Retype each entry exactly as written, and keep the pictures out of the copy.

Data to examine section start

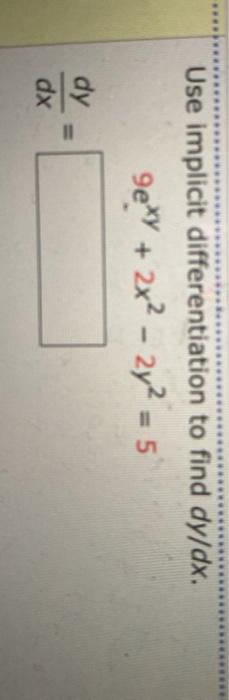 Solved Find dy/dx by implicit differentiation. Then find the | Chegg.com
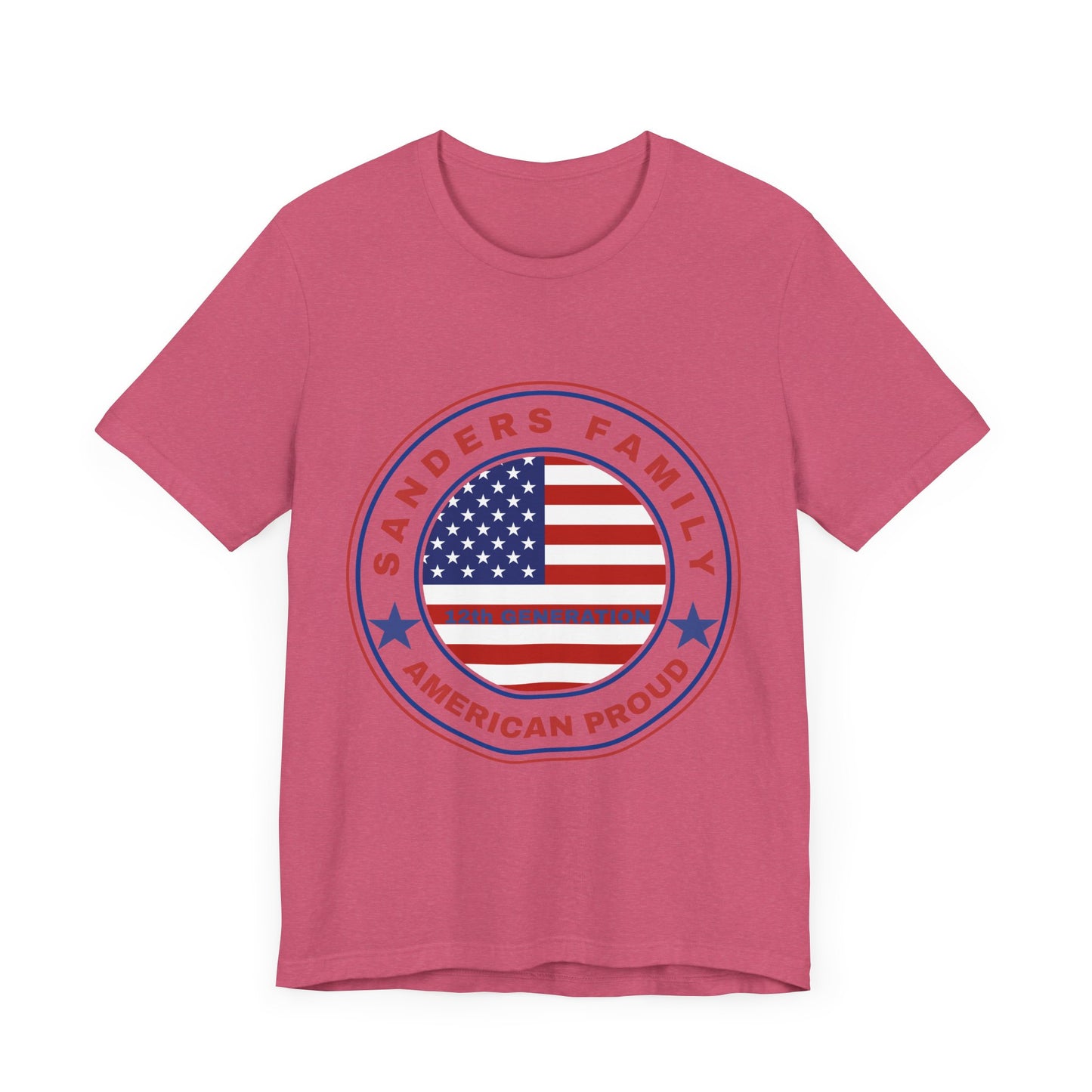 Sanders Family American Proud Tee - Unisex Short Sleeve Shirt
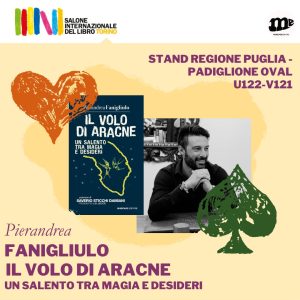 Al Salone Internazionale del Libro di Torino il secondo romanzo dell’autore leccese Pierandrea Fanigliulo: Il volo di Aracne. Un Salento tra magia e desideri - Corriere Salentino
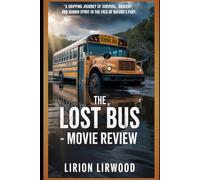 The Lost Bus - Movie Review: A gripping journey of survival, bravery, and human spirit in the face of nature’s fury.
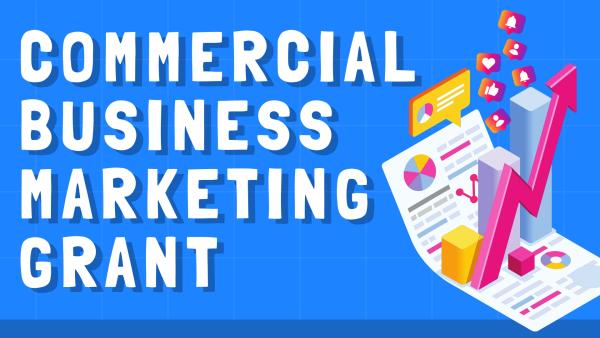BBCRA Commercial Business Marketing Grant Program Application BBCRA Commercial Business Marketing Grant Program Application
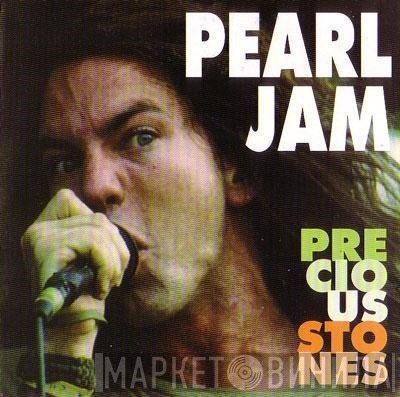 Pearl Jam  - Precious Stones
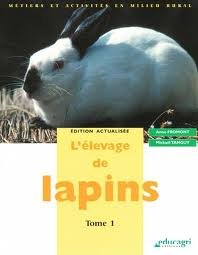 L'élevage de lapins. Vol. 1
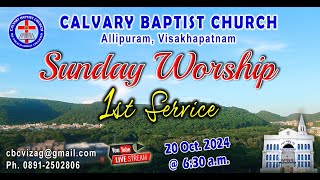 CALVARY BAPTIST CHURCH VIZAG  SUNDAY WORSHIP SERVICE 1  20102024 [upl. by Barstow]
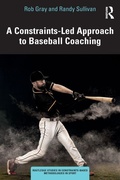 Cover: A Constraints-Led Approach to Baseball Coaching - Routledge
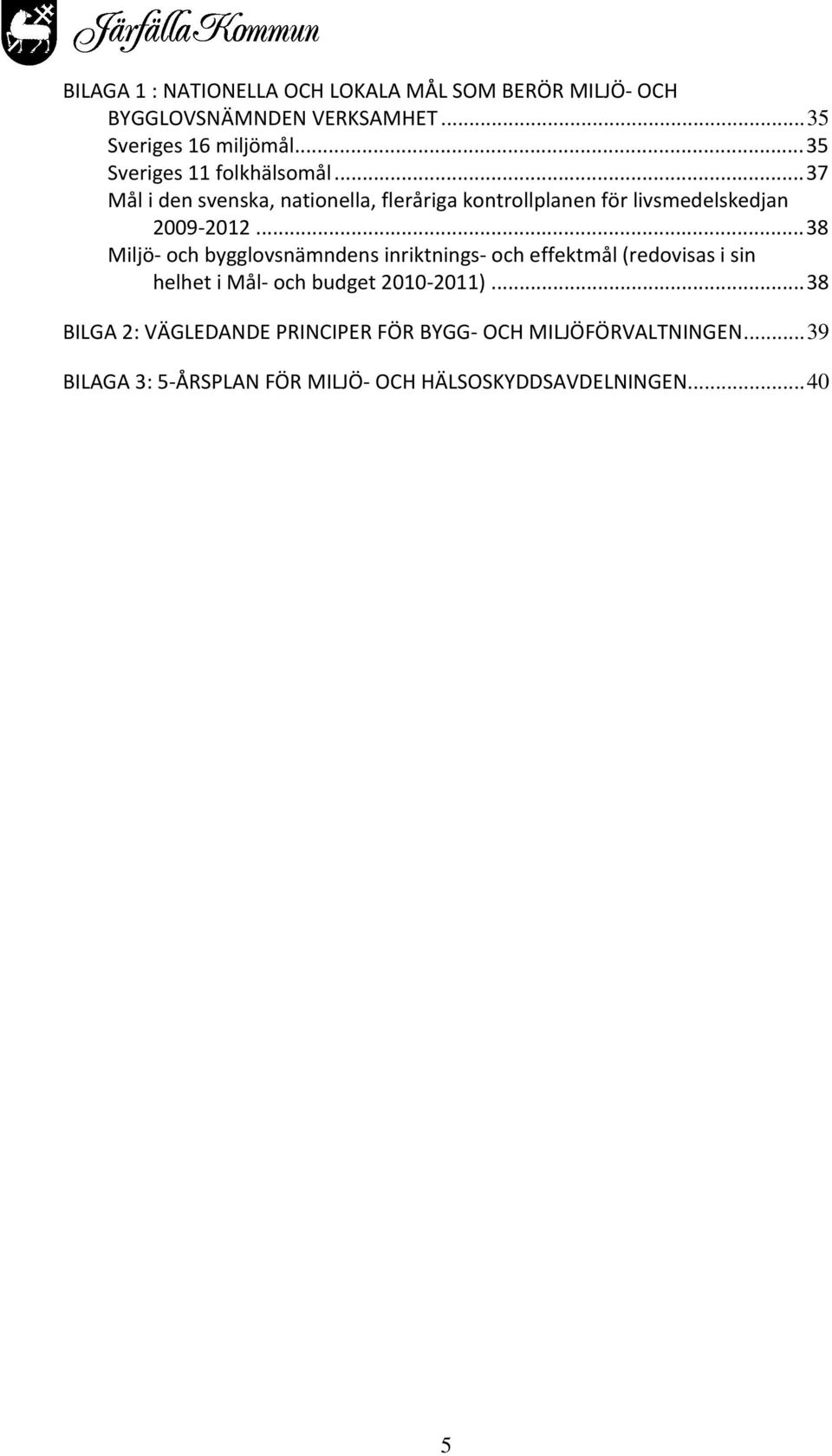 ..38 Miljö och bygglovsnämndens inriktnings och effektmål (redovisas i sin helhet i Mål och budget 2010 2011).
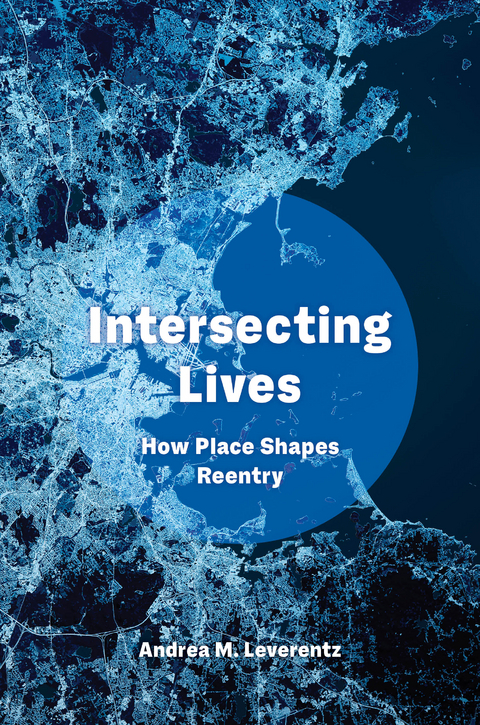 Intersecting Lives - Andrea M. Leverentz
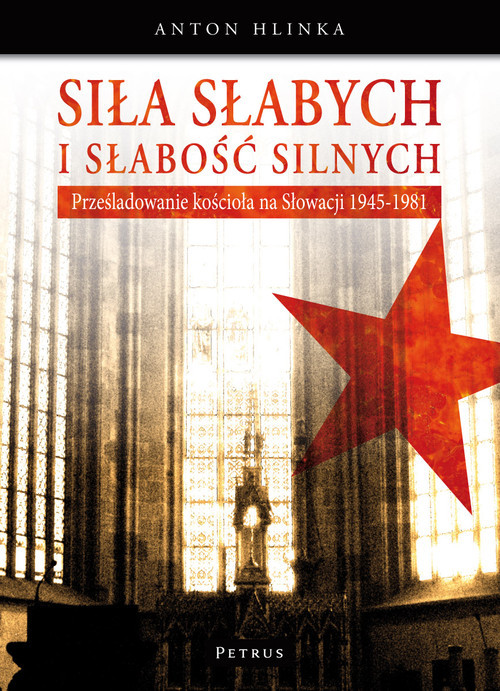 okładka Siła słabych i słabość silnych Prześladowanie kościoła na Słowacji 1945-1989 książka | Anton Hlinka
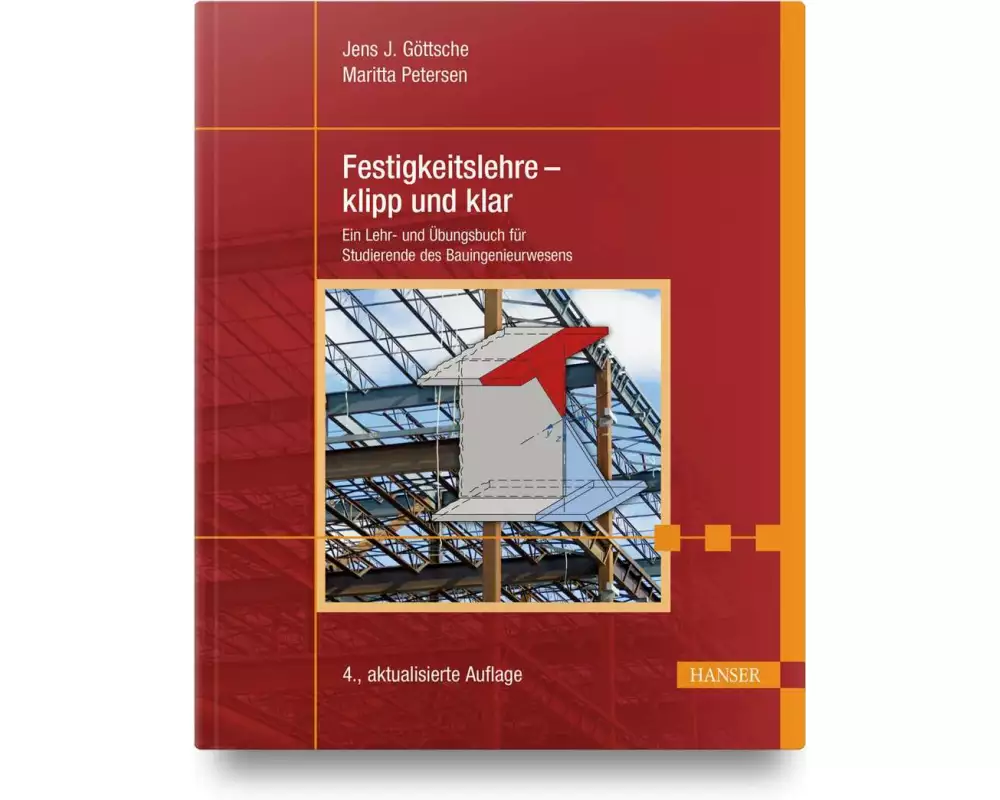 Festigkeitslehre - klipp und klar
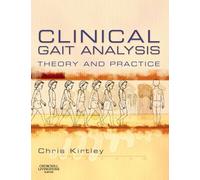 Clinical Gait Analysis: Theory and Practice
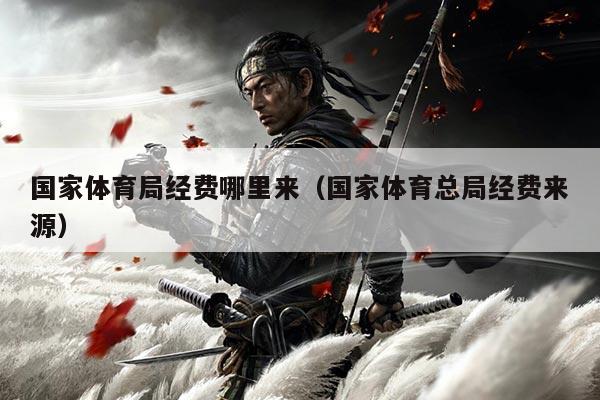 国家体育局经费哪里来（国家体育总局经费来源）
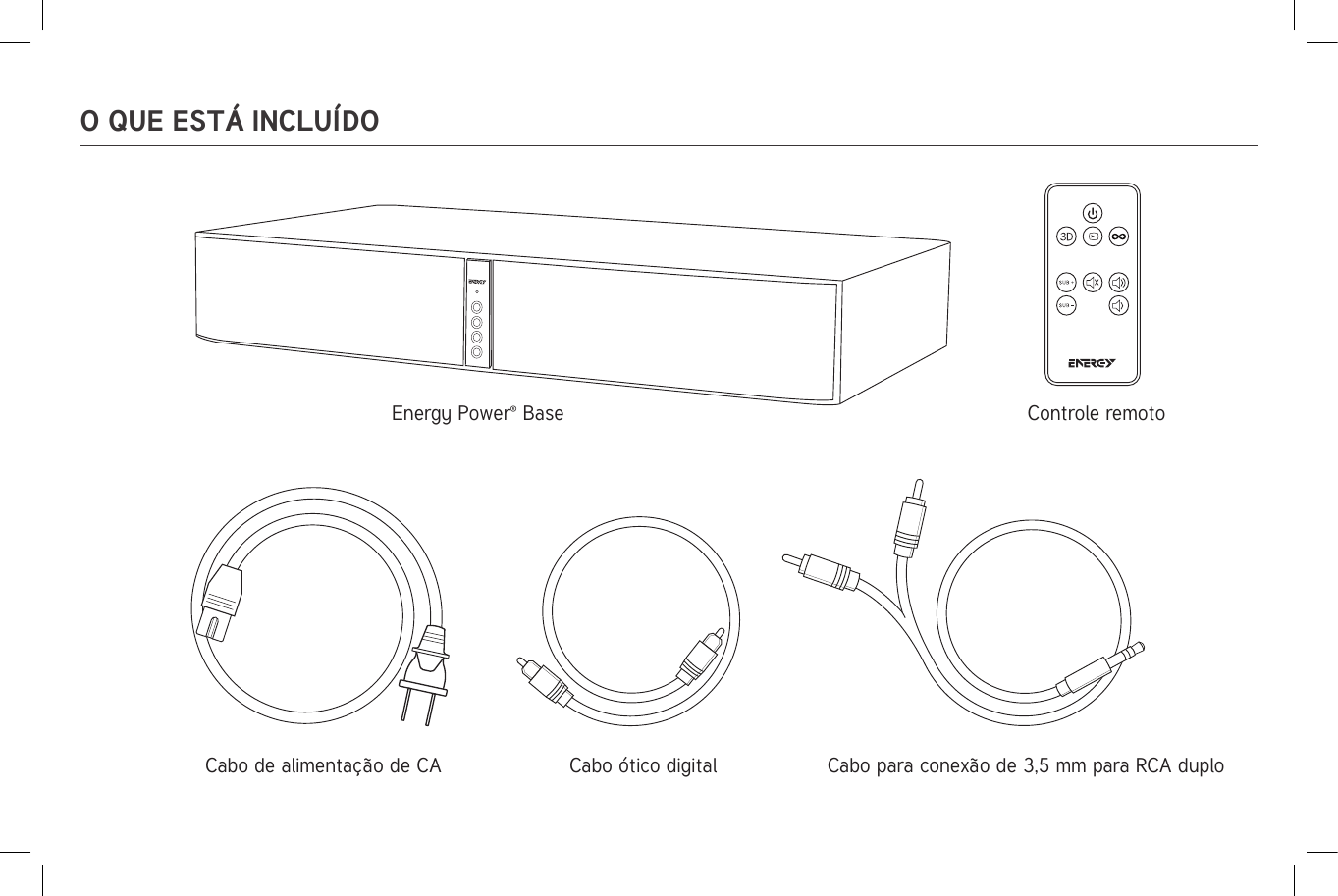 O QUE ESTÁ INCLUÍDOEnergy Power® Base Controle remotoCabo de alimentação de CA  Cabo ótico digital  Cabo para conexão de 3,5 mm para RCA duplo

Data to examine section end

Output of the exercise —
 Solved Find dy/dx by implicit differentiation. Then find the | Chegg.com
 Sanders Family American Proud Tee - Unisex Short Sleeve Shirt
 Al Salone Internazionale del Libro di Torino il secondo romanzo dell’autore leccese Pierandrea Fanigliulo: Il volo di Aracne. Un Salento tra magia e desideri - Corriere Salentino
 The Lost Bus - Movie Review: A gripping journey of survival, bravery, and human spirit in the face of nature’s fury.
BBCRA Commercial Business Marketing Grant Program Application BBCRA Commercial Business Marketing Grant Program Application
 Pearl Jam  - Precious Stones
 L'élevage de lapins. Vol. 1
 CALVARY BAPTIST CHURCH VIZAG  SUNDAY WORSHIP SERVICE 1  20102024 [upl. by Barstow]
 Cover: A Constraints-Led Approach to Baseball Coaching - Routledge
 ..38 Miljö och bygglovsnämndens inriktnings och effektmål (redovisas i sin helhet i Mål och budget 2010 2011).
 Intersecting Lives - Andrea M. Leverentz
 okładka Siła słabych i słabość silnych Prześladowanie kościoła na Słowacji 1945-1989 książka | Anton Hlinka
 Festigkeitslehre - klipp und klar
 Clinical Gait Analysis: Theory and Practice
 国家体育局经费哪里来（国家体育总局经费来源）
 O QUE ESTÁ INCLUÍDOEnergy Power® Base Controle remotoCabo de alimentação de CA  Cabo ótico digital  Cabo para conexão de 3,5 mm para RCA duplo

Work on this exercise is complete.